Whilst he is right in saying the Nats are mostly anti-abortion, anti-gay etc, it is not universal. NSW National Senator Fiona Nash helped push the RU486 Bill through the Senate, and some Nats MPs in NSW and WA have been reasonably enlightened in opposing the standard anti-gay rhetoric. With the ‘Liberals’ now dominated by arch-conservatives in most states and federally, the differences in this area with the Nats is a lot less than it might once have been. If there is a merger, I imagine the differences will diminish fairly quickly.
Excellent summary Vee
Agrarian socialism may be a term coined by those having an ironic take on the wealth distribution that flows from the rural sector.
Looking at the commotion that the loss of the single desk is causing among some grain growers I do wonder if they aren’t being used as a sort of reform experiment.
It appears from the statements of Wilson Tuckey that the Libs are wedded to the concept that the market will deliver regardless of the turmoil of change whereas grain growers look to acting in a completely rational manner economically despite being supposedly ‘anti- market ‘.
I have also come across a rarely mentioned political philosophy recently and wonder if others have any familarity with it’s influence in Australia.
The following link is to an abstract only ( sorry ) but the concept is agricultural fundamentalism.
http://www.jstor.org/pss/1236055
Even more groovy is that Cato the Censor was the originator of it’s basic concepts
http://newcrop.hort.purdue.edu/newcrop/history/lecture19/lec19.html
The section on Cato is about halfway down.
Adrien at 5, you do realise I suppose that Barnaby was born and raised south of the border.
The sort of rural business that Barnaby is mostly for supporting is the small family owned farm.
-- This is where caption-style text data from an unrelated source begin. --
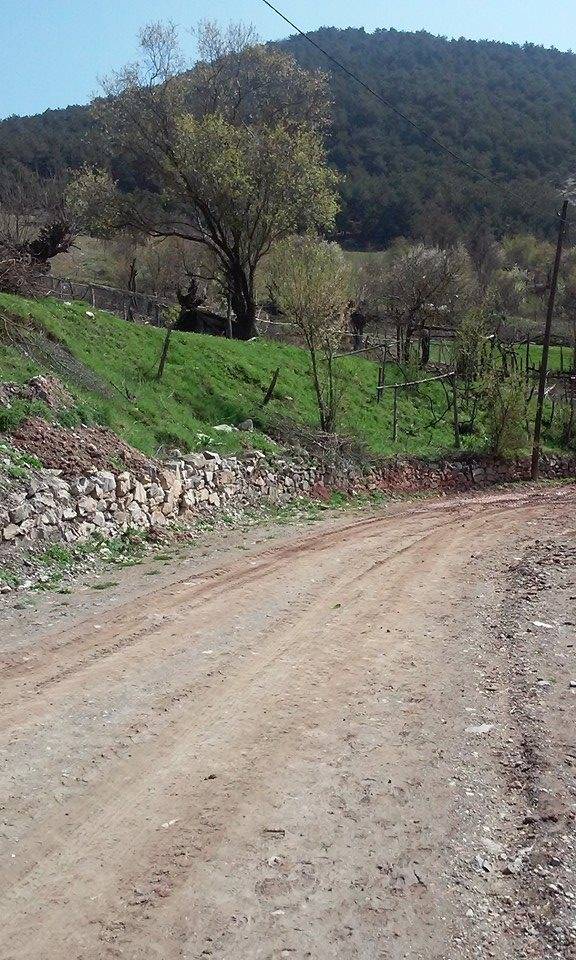 Büyükorhan Danaçalı Köyü 2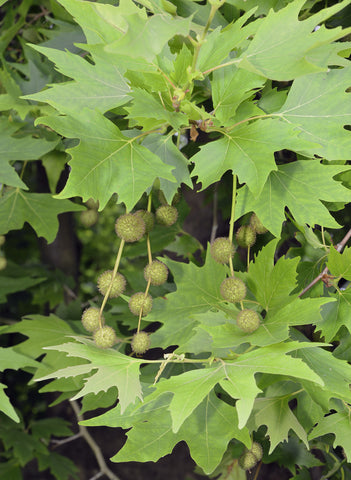 Platanus acerifolia (London Plane) seeds - RP Seeds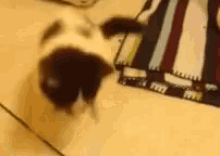 Cat Flips Out. Literally.  GIF - Cat Flip Out GIFs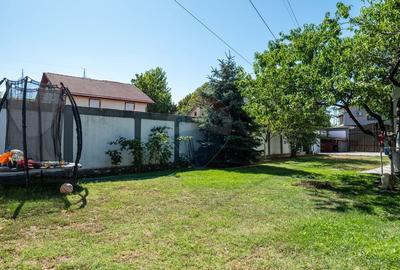 Investitie - vanzare vila deosebita, zona Fundeni - Dobroesti - 14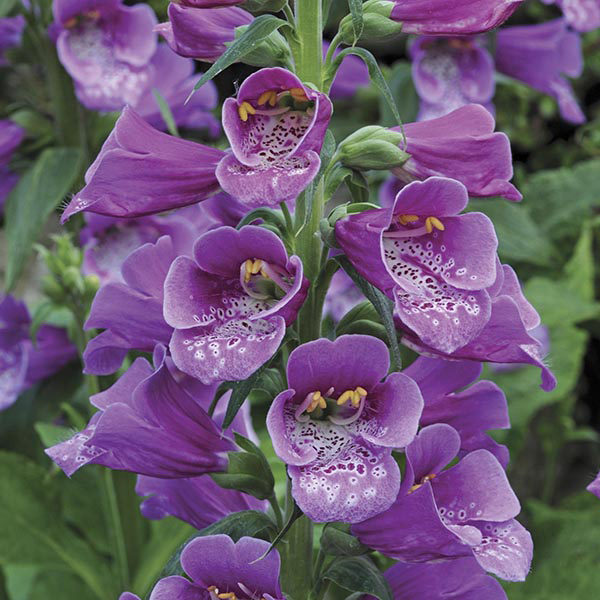 Foxglove 'Purple Hybrid Dalmation F1 Bi-Annual Cottage Garden Plug Plants Pack X6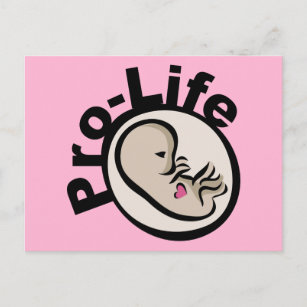 Pro-Life Foetus Design Postcard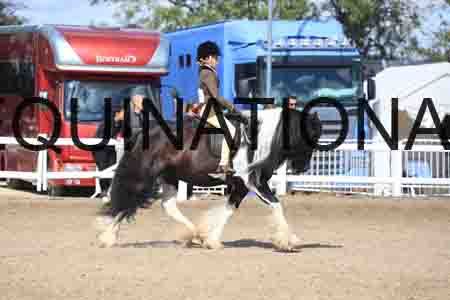 BIR-1716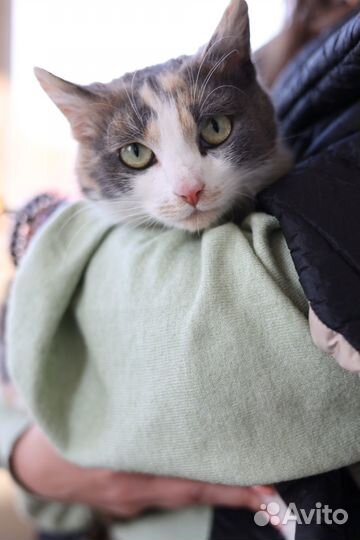 Рябушка трёхцветная кошка в добрые руки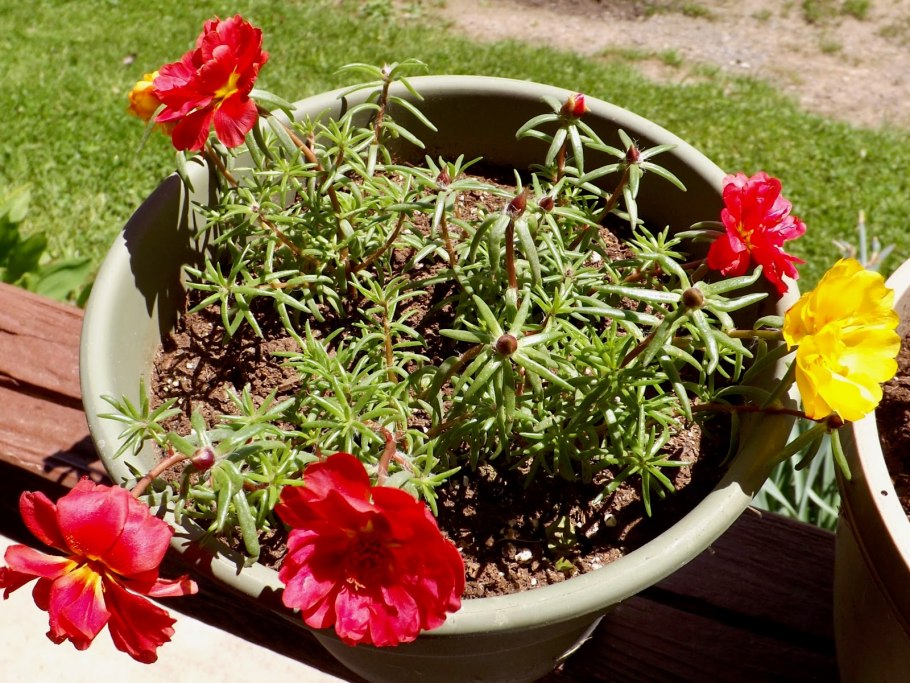 Портулак комнатное растение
He believes the Nationals are the true party of small business. He is a small business accountant himself.
Some readers here seem to think that all farms are huge rural fiefdoms employing hundreds (maybe Kerry Packer’s was). Go visit a family dairy and be in for a shock.
It is Labor and Liberal that truly support big business. Libs are pro the biggest business winning and Labor only wants to support big unionised companies like Coles and Woolies, not the family corner store.
On the desk issue, the actual growers want a single desk. If you local silo/port facilities are owned by one of even 4 companies you can hardly pay the huge freight costs to find the next port to negotiate a price for all your grain. You will have to take what they offer you – in the best interest of their stock brokers – not growers. This is ideologically driven nonsense by the Libs.
Merger, no merger it won’t matter. Without a change in outlook and approach you will still have the same failed ‘Party’ in whatever form that will not have learnt from its lessons and the people will reject once again and again and again.
Perhaps Mal Brough and his more moderate executive will change the outlook of the Liberals and provide them with a chance to succeed for once by offering people something that they would like.